No example is more prominent than the Garden’s location. Through four decades, five mayors, and five governors, Dolan has beaten back pressure to move the building, which would enable the overhaul of Penn Station, the decaying mess of a transit hub that sits directly below the arena. Some of that intransigence has been maintained through traditional means: Dolan and MSG have constructed a skilled lobbying team in Albany and spread campaign contributions around.

Dolan has also used more muscular tactics to get what he wants. Three years ago, when the State Liquor Authority warned that the Garden could lose its alcohol license if it used surveillance to ban customers, Dolan went on Fox 5 and threatened to shut down alcohol sales for one night at a Rangers game, displaying a photo and phone number of the state official he said was to blame. Last year, Dolan poured money into the long-shot candidacy of an opponent to Manhattan district attorney Alvin Bragg, who had apparently angered him by asking questions about the Garden’s surveillance methods. “His politics are very personal and vendetta-driven, not policy-oriented,” one government insider told me.
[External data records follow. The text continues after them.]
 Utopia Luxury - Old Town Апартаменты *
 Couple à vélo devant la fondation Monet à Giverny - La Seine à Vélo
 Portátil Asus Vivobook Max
So, too, are Dolan’s relations with much of the media. Aside from occasional appearances on Fox and WFAN, he rarely gives interviews; the Garden’s media-relations department did not respond to a request to talk with Dolan for this story. Some of his spontaneous interactions with reporters have been tense. Wallace Matthews was a sports columnist at the New York Post when he ran into Dolan at the Nassau Coliseum after a Rangers-Islanders game. “I had never met him before, and I walked over with my hand out and said, ‘Mr. Dolan? I’m Wallace Matthews,’” he recalls. “He pulled his hand back and said, ‘You’re a bad guy. Get the fuck away from me.’”
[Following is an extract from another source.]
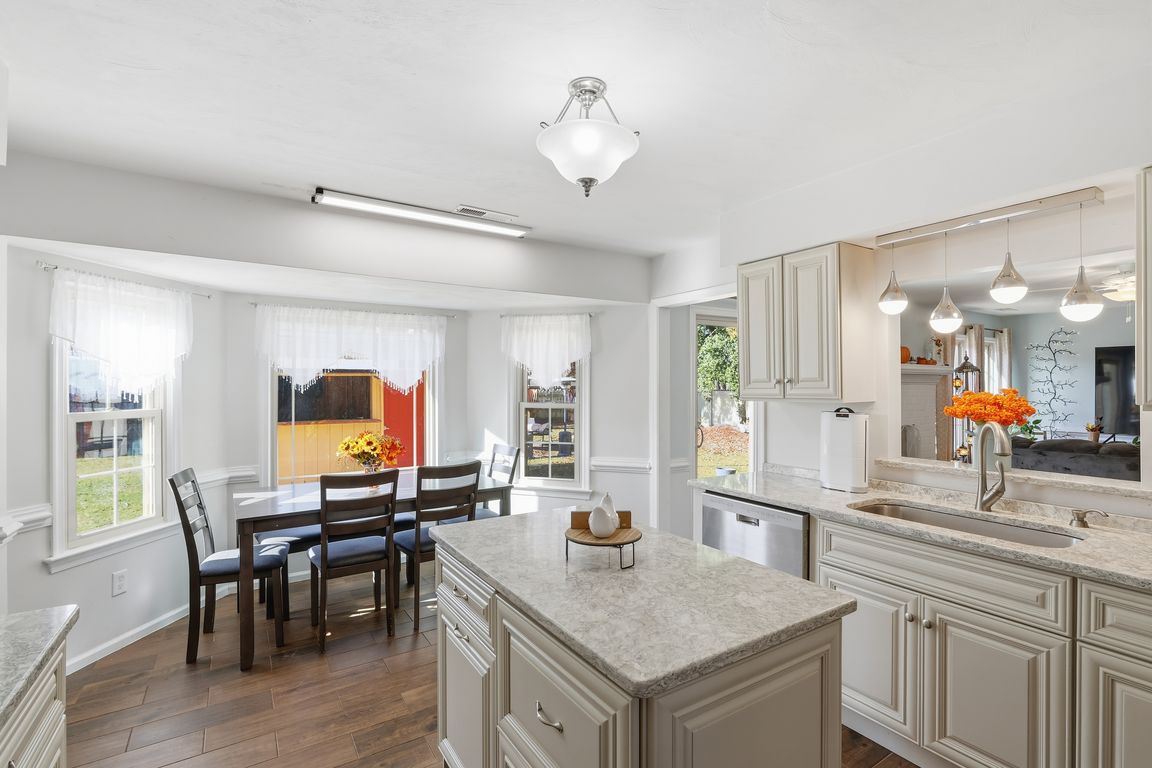 next background image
The style is similar to that of another autocratic Manhattan mogul. Dolan and President Donald Trump go way back. Dolan’s second wedding, in 2002, took place at Mar-a-Lago, and he contributed to Trump’s 2016 and 2020 campaigns. In April, Dolan went to the White House, along with real-estate developer Steve Roth, to discuss Penn Station, and in May, Transportation Secretary Sean Duffy announced an $8 billion renovation that would leave the Garden in place — while possibly paying Dolan for the right to tear down the adjacent Infosys Theater. “This could be a sweetheart deal for not just the developer but for the Garden,” Hoylman-Sigal says. “Trump has put his gold-plated thumb on the scales of this project.”

The president may soon be putting himself into one of the Garden’s suites. Trump has said that Dolan invited him to attend one of the Knicks’ Finals games — which in some ways would be perfect. Just as Dolan is on the verge of earning himself enormous goodwill, he could be thumbing his nose at New York by hosting an appearance from one of the few people the city loathes even more. Or maybe, if the Knicks win it all, nothing else will matter. “My guess is that I don’t exactly share James Dolan’s politics,” says Howard Wolfson, a Democratic strategist turned top adviser to Michael Bloomberg and a die-hard Knicks fan. “But all things are forgivable if they win.”